Zalviso is intended to overcome the limitations of intravenous patient-controlled analgesia, such as medication delivery errors and complications associated with intravenous delivery.
The maximum recommended duration of treatment is 72 hours.
Post-operative pain relief
The efficacy of sublingual sufentanil was shown in three phase III trials in acute pain following major abdominal or orthopaedic surgery: two double-blind placebo-controlled trials (sufentanil, n=430; placebo, n=161) and one open-label active-controlled trial (sufentanil, n=177; morphine, n=180).
In the three trials, sublingual sufentanil was superior to placebo for the primary endpoint, time-weighted sum of pain intensity difference (SPID) from baseline over 48 hours (p≤0.001), and the secondary endpoints, time-weighted SPID (p≤0.004), total pain relief (p≤0.004), and patients global assessment (p≤0.007) over 24, 48 and 72 hours.

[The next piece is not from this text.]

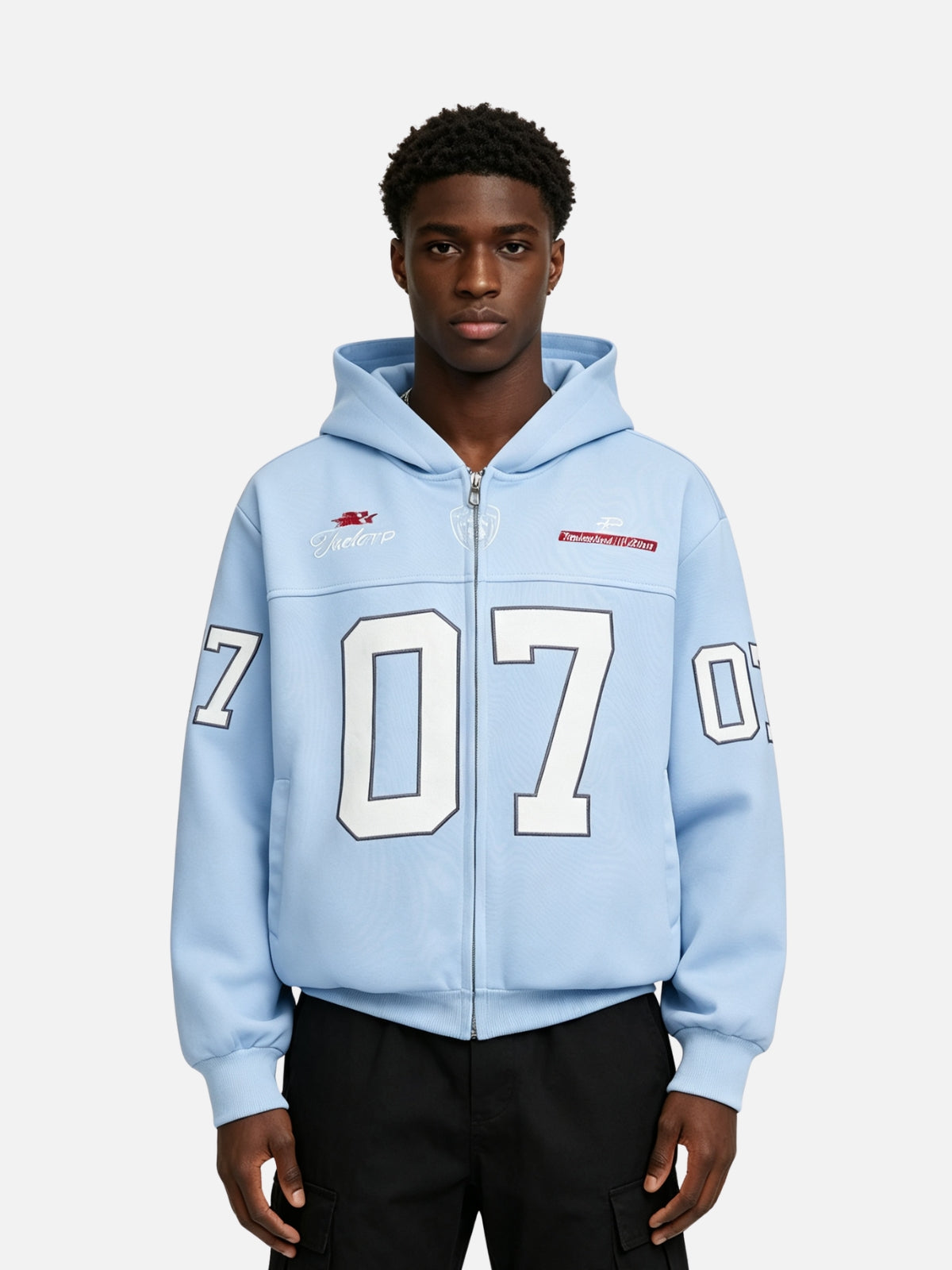 Haaura 07 Graphic Zip Up Hoodie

In the active-controlled study, a significantly higher proportion of patients rated pain control as 'good' or 'excellent' with sufentanil than with morphine (78.5% vs 65.5%, p=0.007).

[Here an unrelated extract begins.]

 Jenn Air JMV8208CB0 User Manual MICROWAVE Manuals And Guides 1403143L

Patients in all three studies reported clinically meaningful pain relief within the first hour of treatment with sufentanil, and sufentanil was also considered to be easier to use by healthcare professionals.
Nausea and vomiting were the most frequently reported adverse reactions to sufentanil. As an opioid, sufentanil can cause dose-related respiratory depression. Patients with respiratory impairment or reduced respiratory reserve are at higher risk and patients with significant existing respiratory depression should not be given sufentanil.
The effects of sufentanil can be blocked immediately by a specific opioid antagonist such as naloxone.